OK, we might not have figured that out without the video at the show’s start. The not-so-subtle film clip informed all that “when Rihanna sleeps, her dreams become real.”

This sold-out MSG show may have been Rihanna’s dream, but nobody snoozed or even yawned during the 100-minute performance.

SEE RIHANNA IN ACTION AT MADISON SQUARE GARDEN (PHOTOS)

The singer kept the set lively with fireworks, an arsenal of gun props and a program that wove together the bubbly dance pop and the harder rock-flavored material featured on her recent “Rated R” record.

Despite the big arena, she established intimacy with a multiplatform stage that extended midway onto the Garden’s floor. It allowed her to do the show as if it were an in-the-round production.

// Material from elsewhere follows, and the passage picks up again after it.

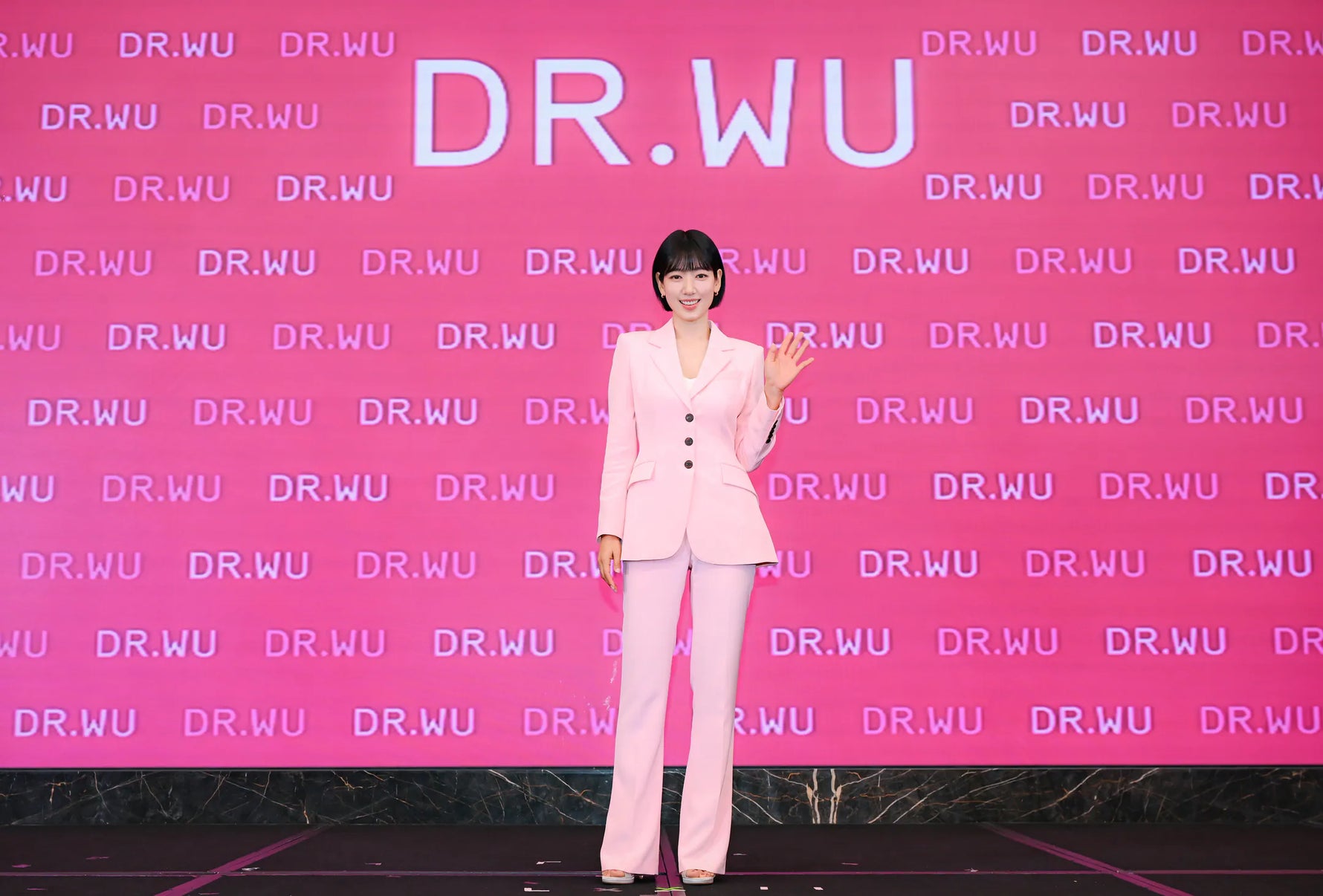 DR.WU x Park Shin Hye  美妍保健新品記者會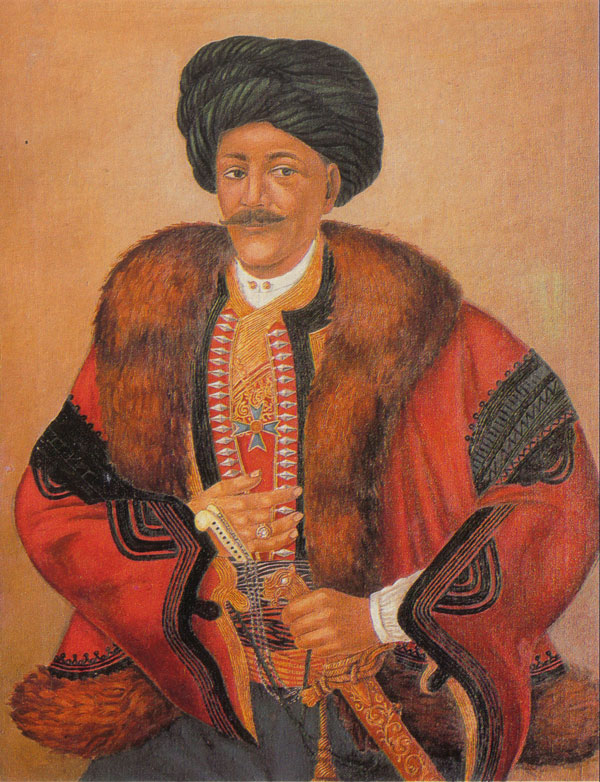 Портрет Стојана Јанковића – ускочког војводе и јунака из 17. вијека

It also gave everyone a better view of her costumes. Some had built-in lighting; there was a skimpy latex fetish-wear piece; and even a body suit that appeared to be made of loosely woven white ribbons.

Rihanna looked great and strutted with the swagger of a ringmaster, but she isn’t the greatest dancer.

She makes up for that by actually singing onstage, rather than depending on prerecorded vocals. She left the heavy-load dancing to her backup troupers, who were in a whirl around her during songs like “Rude Boy” and the disco-inspired “Don’t Stop the Music.”

The night’s most dramatic routine could have been snatched out of the Lady Gaga “Monster Ball” playbook, where feathered, demon-costumed dancers on stilts made the moody rock song “Disturbia” seem evil.

For those who dig Rihanna for her fast and frantic material, like “Shut Up and Drive” and “Rockstar 101,” two of this show’s best numbers, the power pop ballads presented mid-show, were a little soft. Even so the MSG crowd — very female and very young — voiced no complaints.

In fact, fans seemed to hang on every word during those pieces, especially during the piano-driven ballad “Unfaithful.”

From the show opener, “Russian Roulette,” to the last encore song — her megahit “Umbrella” — Rihanna was electric for a performance that was amped-up and aggressive.

Rihanna returns to New York for a engagement at the Jones Beach Amphitheater on Sunday.